WHL notes: Western Conference dominates Eastern
The top seven teams in the West have compiled 52 points or more
The Western Hockey League’s Western Conference had another chance Sunday to prove its superiority over the Eastern Conference.
A quick glance at the standings already makes the case. The top seven teams in the West have compiled 52 points or more. In the East, only Calgary (63 points) and Edmonton (59) have more points than the West’s seventh-place team, Vancouver.
The West’s top team, Kelowna, gave the East more to think about Sunday by defeating the East’s top team, the Hitmen, 4-2 at the Saddledome in Calgary, Alberta.
Justin Kirkland, Carter Rigby, Madison Bowey and Ryan Olsen scored as the Rockets improved to 36-5-0-2. Kelowna was playing its third game in three nights.
“Overall, we were the better team out there from the get-go,” assistant coach Dan Lambert told Doyle Potenteau of the Kelowna Daily Courier after the Rockets outshot Calgary 29-19. “Our guys came out and they were on a mission. They wanted to prove that not only were they able to play against Calgary, but in this building.”

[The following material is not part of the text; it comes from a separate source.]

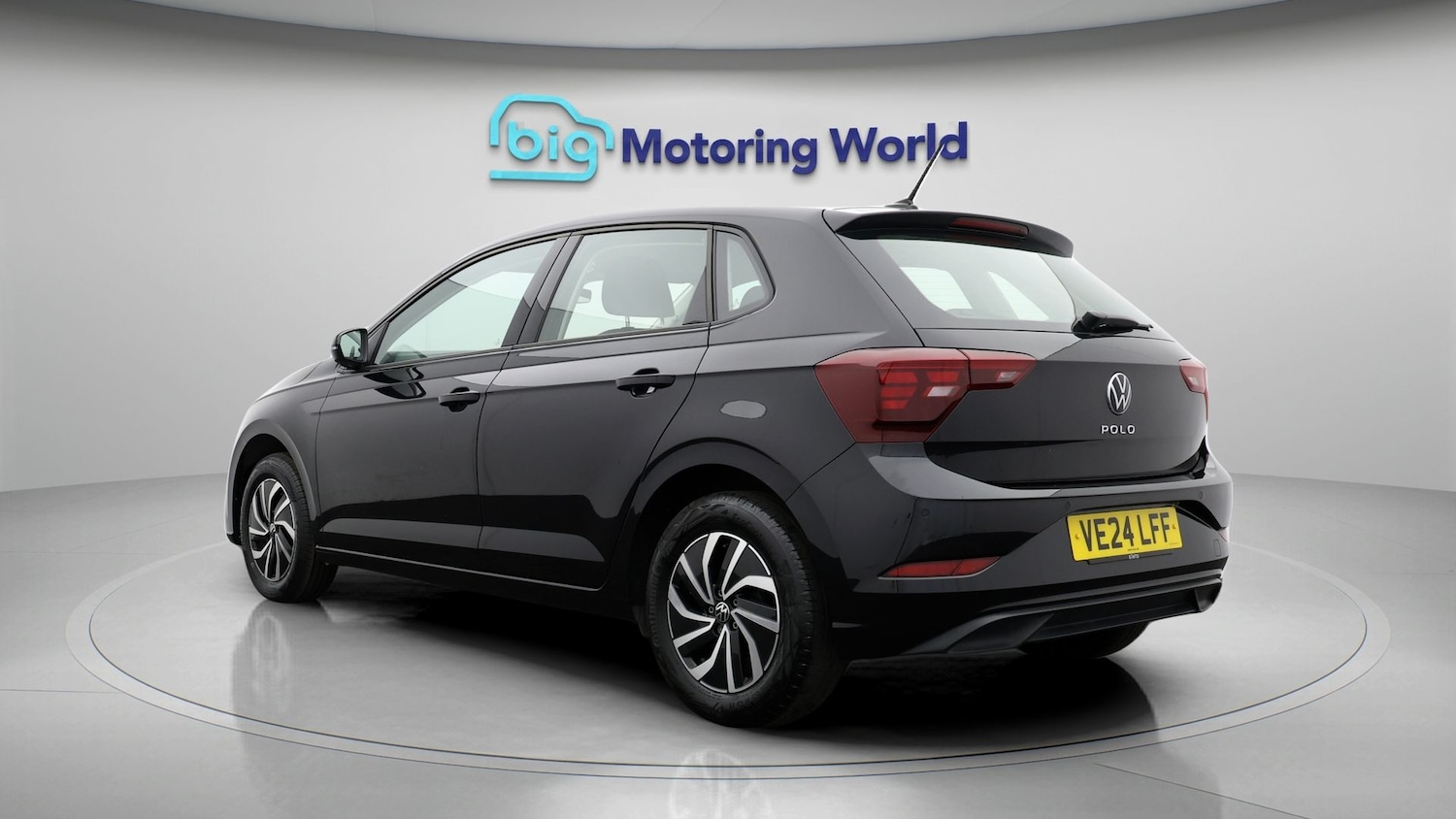 Used Volkswagen Polo 2024 for sale - 77218930: Photo 5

Calgary fans booed when the Hitmen, who made multiple moves before the trade deadline, went 0 for 6 on the power play.
“It comes down to execution,” Calgary coach Mike Williamson told Scott Fisher of the Calgary Sun. “And we’ve got some guys who haven’t been part of (the power-play system) before.”
Fiddler makes noise
Former Spokane Chief Todd Fiddler, now with Prince George, was named WHL Player of the Week for the week ending Sunday after recording five goals and four assists last week.
Fiddler, 20, is in his fourth and final season in the WHL. He was traded from Spokane to Moose Jaw during the offseason and shipped to Prince George in early November. He has posted 22 goals and 22 assists in 26 games with the Cougars. He is tied for 10th in league scoring with 54 points.

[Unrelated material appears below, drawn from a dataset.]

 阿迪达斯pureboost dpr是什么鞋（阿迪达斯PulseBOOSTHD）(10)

Regina Pats defenseman Tye Hand returned home to Yellowknife, Northwest Territories, after suffering his second concussion this season and the sixth in his last four seasons.

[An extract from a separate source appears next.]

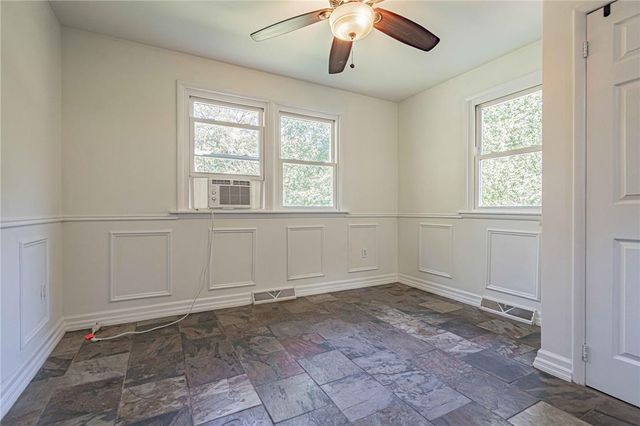 1884 Reading Drive, Bethlehem City, PA 18015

“It’s not like a broken ankle or a broken arm,” Hand told Greg Harder of the Regina Leader Post. You need your brain for everything you do. Resting it is probably the best decision right now.”
Around the league
Prince Albert Raiders center Leon Draisaitl (6-foot-2, 208 pounds) is the top-ranked skater (No. 2 overall) from the WHL in the NHL Central Scouting’s midterm rankings of North American skaters eligible for the upcoming draft. Draisaitl and other potential future stars will play at the Canadian Hockey League’s Top Prospects Game tonight in Calgary, Alberta. “It’s going to be another new experience with the top guys from the draft being there,” Draisaitl said to Dave Leaderhouse of the Prince Albert Daily Herald, referring to his recent play for his native Germany at the world juniors in Sweden. “I don’t know exactly what is going on, but I know there is the game and a lot of media.” Kootenay Ice captain Sam Reinhart is the fourth-ranked skater in Central Scouting’s rankings. … Despite a recent hot streak that has put them within striking distance of the upper tier of the Western Conference, The Vancouver Giants are worried about attendance. The Giants are averaging 5,944 fans per game after averaging 7,205 last season when they finished in last place in the conference. They’ve averaged 6,900 or better the past four seasons.